In Many Thing Begin for Change by Adaora Lily Ulasi is an Ibo woman’s comic story told for outsiders. It is flawed by the inappropriate use of pidgin among villagers speaking to each other in 1935, the ubiquity of telephones (not yet a reality) and other anachronisms. Limp story line and unlikely development sink the plot.

Naguib Mafouz’ Madiq Alley is an Egyptian macramé of lives well-knotted: vivid and convincing yet dramatic and highly colored. Neatly worked absorbing characters though with a somewhat diffuse impact.

Oil Man of Obange by John Munonye is the excruciating story of Jeri’s sacrifices for his children’s education in a life of grinding poverty.

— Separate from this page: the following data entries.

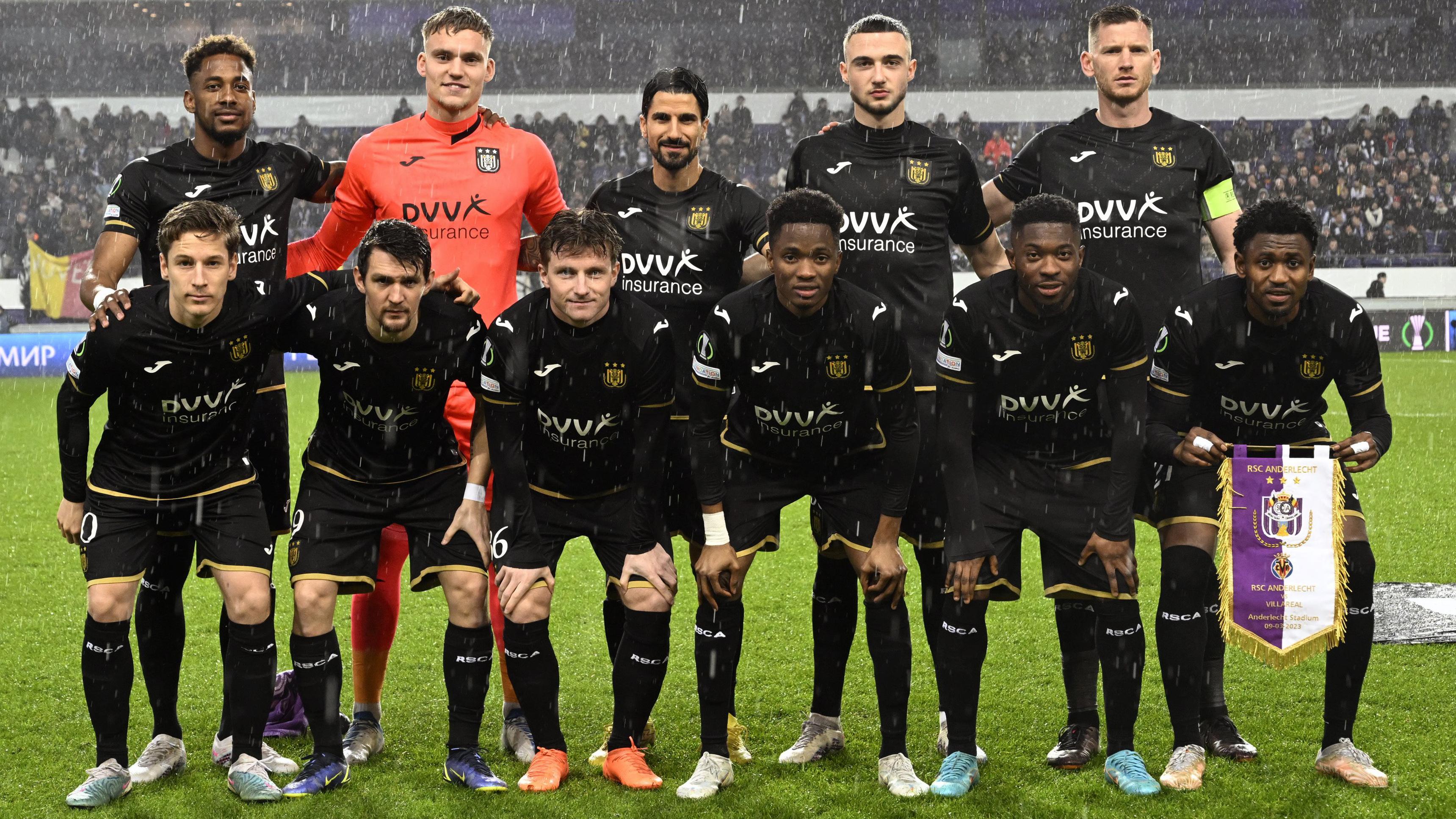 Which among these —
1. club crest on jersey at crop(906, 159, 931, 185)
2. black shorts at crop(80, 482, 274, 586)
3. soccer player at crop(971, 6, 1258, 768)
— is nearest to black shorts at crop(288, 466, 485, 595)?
black shorts at crop(80, 482, 274, 586)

The singleminded intense plot becomes hard to take but it is well-executed and simply but tastefully written. Its modest and clearly defined goals are fulfilled.

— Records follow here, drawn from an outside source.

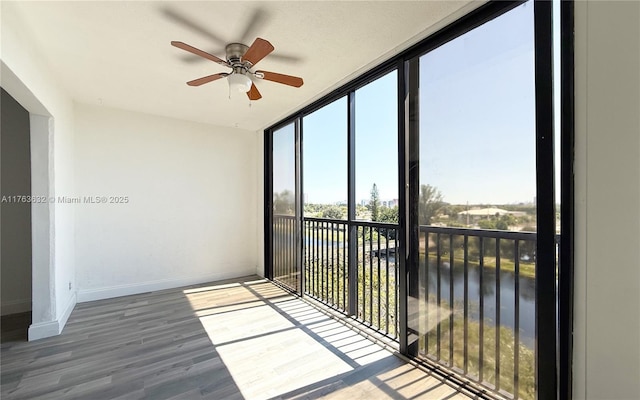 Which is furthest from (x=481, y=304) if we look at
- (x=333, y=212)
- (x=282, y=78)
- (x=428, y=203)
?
(x=282, y=78)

The Kenyan James Ngugi (Ngugi waThiongo) produced in The River Between a verbally varied and sophisticated transition novel (though the hero is as usual virtuous and wronged). The book has some very effective images, but little jolt behind its skill.

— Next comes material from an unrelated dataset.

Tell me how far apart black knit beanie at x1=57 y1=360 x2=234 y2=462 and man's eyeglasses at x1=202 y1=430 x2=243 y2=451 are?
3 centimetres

Ngugi’s Weep Not, Child is fundamentally still another idealistic village boy transition novel, but here the Mau Mau theme is unfortunately reductive – gone is the delicate lyricism of The River Between, leaving little. Having read of his recent detention, I think his heart is in the right place, but politics can be an almost irresistible red herring for an ethical African.

Nkem Nwanko’s Danda has a refreshing ne’er-do-well hero and some high-spirited lines. In spite of a number of memorable comic moments in an original tale, the plot wanders, lost, and ends inconclusively. The book needs more structural bones.

Gabriel Okara’s The Voice is an experimental stab with intriguing systematic distortion of language, but I found its existentialist quest vapid at last and I became fatigued with inside Ijaw lore. For the most part the book is a transition novel hiding in embarrassment, though it has some moving and well-written dream sequences.

The Victims by Isidore Okpewho, a classicist from the Urhobo Division) tells the sordid story of Obanua and his two wives. The plot moves consistently toward death despite a trickle of comedy and a steady background of natural description that never quite meshes with the narrative. Sometimes trite or vapid, the novel is at times effective and occasionally pretty. The plot is neatly wrought with well-realized characters and an exquisite sense of the fatalistic life of the drunk.

God’s Bits of Wood by Sembene Ousmene is a heroic proletarian novel. One’s interest is always sustained in the history, sporadically in the particulars, leading to a bit of a scattered effect on the whole. The reader finds persuasive detail but no surprises with what feel like predetermined themes on women and religion. His movies are better.

In Houseboy Ferdinand Oyono of the Cameroons has an insubstantial motif supported by some real wit, particularly in the early parts. The pathetic denouement is thin and confused.

Sol T. Plaatje’s 1917 South African novel Mhudi is a melodrama reflecting true glints despite dialogue sometimes reminiscent of old movie titles and some descriptions brittle with cliché. Some engaging oratory, proverbs, a solid image in Halley’s Comet, sun and moon. Subtle, prismatic shifting sympathy between Boers, Barolong, and Matabele is far more revealing than Things Fall Apart though with the same corrective idealization of custom (dark areas projected as well). A remarkable man with a Standard III education who wrote on “the social ethos of black-white sex relationships” and worked as a political leader.

Amos Tutuola’s Palm Wine Drinkard is a powerful driving linear narrative that synthesizes folk motifs more successfully than, say, Jaime de Angulo: wonderful quaint locutions, strange changes, dream and folktale turns, appetite and fear and terrible babies, merciless as Trickster. The first African novel to gain a wide readership, touted by Dylan Thomas, it is no wonder than the celebrity of this “naïve” work annoyed the more literate African writers, yet the novel is strong regardless of such concerns. I do recall when Tutuola was brought to the University of Iowa’s International Writing Program and was completely dumbfounded by the questions of scholars and critics. I only wish he had written a novel about life in Iowa City.